Die Versuchsanordnung mit den Magneten.

© MIT / PR

von Gernot Kramper
14.09.2021, 10:08 Uhr

Starke Magnete bändigen das Plasma für die Kernfusion, am MIT wurde nun ein Magnet entwickelt, der für die Aufgabe nur ein Siebtel der Energie benötigt. Damit wird der Weg zur kommerziellen Stromerzeugung frei.

Um das Aufheizen des Planeten zu stoppen, wird auf der ganzen Welt nach einer Energiequelle ohne CO2-Emissionen gesucht. Ein „ewiger“ Kandidat ist die Kernfusion, sie verspricht unendliche Energie und das auch noch ohne die Risiken der heutigen Atomkraftwerke.

Die theoretischen Grundlagen für einen Fusionsreaktor haben sowjetische Wissenschaftler bereits Anfang der 1950er-Jahre gelegt, doch bislang ist es nicht gelungen, die technischen Probleme so eines Tokamak-Reaktors zu lösen. Dieser Reaktortyp sieht aus wie ein verdrehter Donut, in ihm sollen Bedingungen wie auf der Sonne künstlich hergestellt werden, um in einem Plasmaring eine Kernfusion herbeizuführen. Das bedeutet, extrem heiße Temperaturen und sehr hohe Drücke. Die werden von Elektro-Magneten erzeugt. Um von Versuchsapparaturen in die Nähe eines stromerzeugenden Reaktors zu gelangen, ist die Technik der Magneten entscheidend. Sie dürfen nicht mehr Strom verbrauchen, als bei der Fusion entsteht.

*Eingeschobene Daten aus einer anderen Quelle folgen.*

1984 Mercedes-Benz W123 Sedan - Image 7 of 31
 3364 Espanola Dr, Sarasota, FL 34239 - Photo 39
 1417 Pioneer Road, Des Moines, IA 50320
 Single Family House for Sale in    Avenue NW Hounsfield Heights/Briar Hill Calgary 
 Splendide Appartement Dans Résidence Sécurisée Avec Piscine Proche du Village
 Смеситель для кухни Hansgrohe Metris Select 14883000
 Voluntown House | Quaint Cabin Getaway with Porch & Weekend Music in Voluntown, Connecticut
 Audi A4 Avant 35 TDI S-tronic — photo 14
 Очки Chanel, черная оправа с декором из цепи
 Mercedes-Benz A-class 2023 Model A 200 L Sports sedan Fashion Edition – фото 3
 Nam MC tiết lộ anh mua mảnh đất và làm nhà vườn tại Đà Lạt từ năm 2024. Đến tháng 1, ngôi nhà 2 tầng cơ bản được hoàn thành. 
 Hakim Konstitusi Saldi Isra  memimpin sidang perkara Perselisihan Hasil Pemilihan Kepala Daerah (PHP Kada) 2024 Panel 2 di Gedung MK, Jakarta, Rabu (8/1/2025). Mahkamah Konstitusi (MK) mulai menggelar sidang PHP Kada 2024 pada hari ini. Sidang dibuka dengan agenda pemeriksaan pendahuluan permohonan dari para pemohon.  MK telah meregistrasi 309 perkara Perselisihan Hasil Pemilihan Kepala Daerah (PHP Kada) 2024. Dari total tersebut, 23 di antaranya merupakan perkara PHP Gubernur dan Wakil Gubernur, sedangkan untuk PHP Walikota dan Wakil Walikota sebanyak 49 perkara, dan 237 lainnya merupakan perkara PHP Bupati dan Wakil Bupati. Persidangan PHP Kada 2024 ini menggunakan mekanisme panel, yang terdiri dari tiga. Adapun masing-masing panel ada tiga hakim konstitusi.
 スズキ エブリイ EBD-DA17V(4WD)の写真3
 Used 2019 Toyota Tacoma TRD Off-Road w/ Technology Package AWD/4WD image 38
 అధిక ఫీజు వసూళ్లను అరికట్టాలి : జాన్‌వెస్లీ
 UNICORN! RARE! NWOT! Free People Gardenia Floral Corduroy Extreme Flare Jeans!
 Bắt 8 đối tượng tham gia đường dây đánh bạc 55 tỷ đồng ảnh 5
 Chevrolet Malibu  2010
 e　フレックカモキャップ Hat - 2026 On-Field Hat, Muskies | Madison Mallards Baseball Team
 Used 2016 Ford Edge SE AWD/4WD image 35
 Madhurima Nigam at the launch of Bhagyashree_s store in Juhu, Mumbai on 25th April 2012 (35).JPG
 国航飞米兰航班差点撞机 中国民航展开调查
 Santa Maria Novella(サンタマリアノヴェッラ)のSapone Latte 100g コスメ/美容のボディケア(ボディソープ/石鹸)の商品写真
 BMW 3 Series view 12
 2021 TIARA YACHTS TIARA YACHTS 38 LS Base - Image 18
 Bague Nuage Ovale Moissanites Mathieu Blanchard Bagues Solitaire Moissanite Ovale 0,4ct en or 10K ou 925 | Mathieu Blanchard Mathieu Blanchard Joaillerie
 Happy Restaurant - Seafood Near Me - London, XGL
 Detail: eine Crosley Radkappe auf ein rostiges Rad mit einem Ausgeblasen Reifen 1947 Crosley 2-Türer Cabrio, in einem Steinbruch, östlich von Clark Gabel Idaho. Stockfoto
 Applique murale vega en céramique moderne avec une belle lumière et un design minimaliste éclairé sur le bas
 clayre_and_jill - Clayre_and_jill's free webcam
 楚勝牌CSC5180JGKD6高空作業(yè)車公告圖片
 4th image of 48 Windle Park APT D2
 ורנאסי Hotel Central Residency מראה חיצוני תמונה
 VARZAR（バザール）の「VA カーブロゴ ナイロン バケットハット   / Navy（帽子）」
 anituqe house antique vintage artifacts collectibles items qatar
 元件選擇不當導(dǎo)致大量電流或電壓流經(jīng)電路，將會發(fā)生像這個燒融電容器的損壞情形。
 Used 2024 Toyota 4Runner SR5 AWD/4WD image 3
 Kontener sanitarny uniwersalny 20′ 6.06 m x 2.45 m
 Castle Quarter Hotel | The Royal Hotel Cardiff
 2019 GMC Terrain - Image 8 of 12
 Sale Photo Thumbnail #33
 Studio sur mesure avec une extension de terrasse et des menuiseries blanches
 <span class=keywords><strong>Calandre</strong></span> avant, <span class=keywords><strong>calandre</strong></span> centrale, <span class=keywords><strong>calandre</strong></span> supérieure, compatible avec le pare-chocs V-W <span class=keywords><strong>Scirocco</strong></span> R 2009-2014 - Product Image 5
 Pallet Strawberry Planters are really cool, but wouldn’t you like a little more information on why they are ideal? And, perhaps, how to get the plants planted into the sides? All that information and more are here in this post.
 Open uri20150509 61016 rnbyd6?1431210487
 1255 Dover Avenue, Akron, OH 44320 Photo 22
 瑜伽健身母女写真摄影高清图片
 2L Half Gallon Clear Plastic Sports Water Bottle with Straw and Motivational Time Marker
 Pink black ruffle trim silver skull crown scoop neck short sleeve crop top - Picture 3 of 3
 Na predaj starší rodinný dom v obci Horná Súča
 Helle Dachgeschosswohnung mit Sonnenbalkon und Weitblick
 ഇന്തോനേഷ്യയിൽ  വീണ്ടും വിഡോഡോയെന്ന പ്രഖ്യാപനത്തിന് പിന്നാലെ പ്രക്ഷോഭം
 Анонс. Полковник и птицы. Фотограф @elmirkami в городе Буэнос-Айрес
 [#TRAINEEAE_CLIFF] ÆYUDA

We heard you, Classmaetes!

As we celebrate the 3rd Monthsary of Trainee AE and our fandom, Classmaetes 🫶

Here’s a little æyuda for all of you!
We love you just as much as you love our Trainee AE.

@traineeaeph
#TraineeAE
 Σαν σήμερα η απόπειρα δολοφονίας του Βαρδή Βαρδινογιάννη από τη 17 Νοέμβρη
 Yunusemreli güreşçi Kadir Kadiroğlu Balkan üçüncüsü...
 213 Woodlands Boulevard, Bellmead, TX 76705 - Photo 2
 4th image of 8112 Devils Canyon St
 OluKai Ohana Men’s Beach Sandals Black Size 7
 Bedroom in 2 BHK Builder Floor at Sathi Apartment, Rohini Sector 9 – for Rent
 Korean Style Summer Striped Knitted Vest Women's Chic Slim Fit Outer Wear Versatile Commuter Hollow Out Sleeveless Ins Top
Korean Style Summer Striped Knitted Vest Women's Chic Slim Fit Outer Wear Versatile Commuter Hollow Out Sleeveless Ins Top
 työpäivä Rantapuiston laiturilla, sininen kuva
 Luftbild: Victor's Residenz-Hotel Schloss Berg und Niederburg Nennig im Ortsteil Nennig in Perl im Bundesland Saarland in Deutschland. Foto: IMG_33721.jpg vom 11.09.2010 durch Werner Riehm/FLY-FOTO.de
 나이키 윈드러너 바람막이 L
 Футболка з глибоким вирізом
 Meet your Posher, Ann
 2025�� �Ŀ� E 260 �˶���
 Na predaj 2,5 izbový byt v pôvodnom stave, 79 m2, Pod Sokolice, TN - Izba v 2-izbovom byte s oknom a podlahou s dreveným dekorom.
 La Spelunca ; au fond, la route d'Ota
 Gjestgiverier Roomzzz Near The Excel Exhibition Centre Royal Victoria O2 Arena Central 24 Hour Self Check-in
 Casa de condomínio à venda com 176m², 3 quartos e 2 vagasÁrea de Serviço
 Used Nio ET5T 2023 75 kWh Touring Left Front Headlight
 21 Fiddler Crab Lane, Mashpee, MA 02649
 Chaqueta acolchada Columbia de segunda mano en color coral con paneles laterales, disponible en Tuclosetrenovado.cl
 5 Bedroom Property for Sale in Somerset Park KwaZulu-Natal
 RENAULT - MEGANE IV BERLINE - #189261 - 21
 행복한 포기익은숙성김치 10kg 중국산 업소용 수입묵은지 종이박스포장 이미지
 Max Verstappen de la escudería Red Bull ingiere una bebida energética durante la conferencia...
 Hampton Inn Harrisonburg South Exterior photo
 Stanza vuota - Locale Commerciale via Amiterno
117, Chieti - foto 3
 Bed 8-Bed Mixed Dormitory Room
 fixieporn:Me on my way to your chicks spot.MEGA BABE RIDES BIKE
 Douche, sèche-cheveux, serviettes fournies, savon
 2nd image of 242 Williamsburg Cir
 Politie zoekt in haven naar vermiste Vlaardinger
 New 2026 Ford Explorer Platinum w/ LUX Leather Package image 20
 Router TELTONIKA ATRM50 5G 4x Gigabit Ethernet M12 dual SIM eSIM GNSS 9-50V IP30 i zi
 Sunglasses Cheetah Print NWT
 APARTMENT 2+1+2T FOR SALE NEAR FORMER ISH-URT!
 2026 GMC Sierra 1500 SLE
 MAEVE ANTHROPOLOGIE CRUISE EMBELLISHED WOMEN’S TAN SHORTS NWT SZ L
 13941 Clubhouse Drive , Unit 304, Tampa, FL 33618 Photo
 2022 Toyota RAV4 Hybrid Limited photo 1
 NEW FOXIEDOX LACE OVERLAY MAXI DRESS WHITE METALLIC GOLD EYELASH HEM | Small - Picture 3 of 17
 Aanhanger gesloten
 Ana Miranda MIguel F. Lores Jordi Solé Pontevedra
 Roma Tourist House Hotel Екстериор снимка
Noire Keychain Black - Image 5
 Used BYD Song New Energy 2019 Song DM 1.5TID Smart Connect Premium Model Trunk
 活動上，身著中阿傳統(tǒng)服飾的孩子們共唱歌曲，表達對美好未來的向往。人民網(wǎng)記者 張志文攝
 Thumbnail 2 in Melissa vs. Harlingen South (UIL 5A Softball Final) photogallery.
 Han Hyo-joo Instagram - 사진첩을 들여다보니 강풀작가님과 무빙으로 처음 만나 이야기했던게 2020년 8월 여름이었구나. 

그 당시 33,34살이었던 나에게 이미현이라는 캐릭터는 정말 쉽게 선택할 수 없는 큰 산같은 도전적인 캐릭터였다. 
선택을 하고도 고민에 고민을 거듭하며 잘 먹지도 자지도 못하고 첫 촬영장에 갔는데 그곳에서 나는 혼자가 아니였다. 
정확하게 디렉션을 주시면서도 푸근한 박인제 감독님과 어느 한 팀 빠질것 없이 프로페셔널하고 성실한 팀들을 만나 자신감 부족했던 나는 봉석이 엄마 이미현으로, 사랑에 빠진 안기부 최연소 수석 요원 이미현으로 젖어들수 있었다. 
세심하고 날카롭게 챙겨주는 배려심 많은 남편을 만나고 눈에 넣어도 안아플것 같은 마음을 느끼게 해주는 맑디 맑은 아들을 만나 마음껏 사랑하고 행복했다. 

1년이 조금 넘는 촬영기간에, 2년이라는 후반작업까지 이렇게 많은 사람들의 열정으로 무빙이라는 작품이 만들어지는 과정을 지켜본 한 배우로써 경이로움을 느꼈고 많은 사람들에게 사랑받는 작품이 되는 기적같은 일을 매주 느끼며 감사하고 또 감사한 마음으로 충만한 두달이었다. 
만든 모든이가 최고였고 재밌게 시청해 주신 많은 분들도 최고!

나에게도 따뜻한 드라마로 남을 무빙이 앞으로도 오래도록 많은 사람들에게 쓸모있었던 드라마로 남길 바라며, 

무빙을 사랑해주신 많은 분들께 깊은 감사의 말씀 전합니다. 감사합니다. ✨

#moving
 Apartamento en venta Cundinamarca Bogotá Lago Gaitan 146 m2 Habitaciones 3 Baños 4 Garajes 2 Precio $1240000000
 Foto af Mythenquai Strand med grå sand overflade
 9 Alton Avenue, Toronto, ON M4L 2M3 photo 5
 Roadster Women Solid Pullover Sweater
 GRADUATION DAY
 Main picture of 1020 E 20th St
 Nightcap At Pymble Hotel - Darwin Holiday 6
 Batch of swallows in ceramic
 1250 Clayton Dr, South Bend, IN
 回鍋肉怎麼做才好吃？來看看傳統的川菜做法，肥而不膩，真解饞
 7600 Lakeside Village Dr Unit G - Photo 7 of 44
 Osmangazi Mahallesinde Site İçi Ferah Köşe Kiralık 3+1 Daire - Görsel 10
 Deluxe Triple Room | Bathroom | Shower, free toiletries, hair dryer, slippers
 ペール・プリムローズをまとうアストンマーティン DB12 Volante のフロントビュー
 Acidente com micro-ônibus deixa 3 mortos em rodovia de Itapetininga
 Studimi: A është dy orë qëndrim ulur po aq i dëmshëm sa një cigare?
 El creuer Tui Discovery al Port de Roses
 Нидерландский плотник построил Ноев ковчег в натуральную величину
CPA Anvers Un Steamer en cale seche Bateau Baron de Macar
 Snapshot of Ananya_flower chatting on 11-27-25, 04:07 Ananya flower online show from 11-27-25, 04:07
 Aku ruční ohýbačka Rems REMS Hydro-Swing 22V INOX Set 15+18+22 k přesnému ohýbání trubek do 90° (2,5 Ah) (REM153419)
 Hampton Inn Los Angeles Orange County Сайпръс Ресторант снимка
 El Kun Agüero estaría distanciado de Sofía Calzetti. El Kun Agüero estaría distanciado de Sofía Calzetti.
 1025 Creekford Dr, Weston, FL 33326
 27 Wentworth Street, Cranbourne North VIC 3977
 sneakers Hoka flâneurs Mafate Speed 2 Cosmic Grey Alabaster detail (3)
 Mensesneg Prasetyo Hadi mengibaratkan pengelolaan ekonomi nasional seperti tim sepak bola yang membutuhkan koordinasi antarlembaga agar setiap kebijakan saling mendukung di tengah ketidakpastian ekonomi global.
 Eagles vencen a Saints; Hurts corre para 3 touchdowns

Nettoenergie ist entscheidend 

Nun ist dem Commonwealth Fusion Systems (CFS) und dem Plasma Science and Fusion Center (PSFC) des Massachusetts Institute of Technology ein Durchbruch gelungen. Ihr Magnet ist stark genug, das Plasma zu bändigen, und dennoch wird es möglich sein, „Nettoenergie“ zu erzeugen. „Das ist eine große Sache“, sagte Andrew Holland, Vorstandsvorsitzender der Fusion Industry Association, gegenüber dem TV-Sender „CNBC“. „Das ist kein Hype, das ist Realität. Mit…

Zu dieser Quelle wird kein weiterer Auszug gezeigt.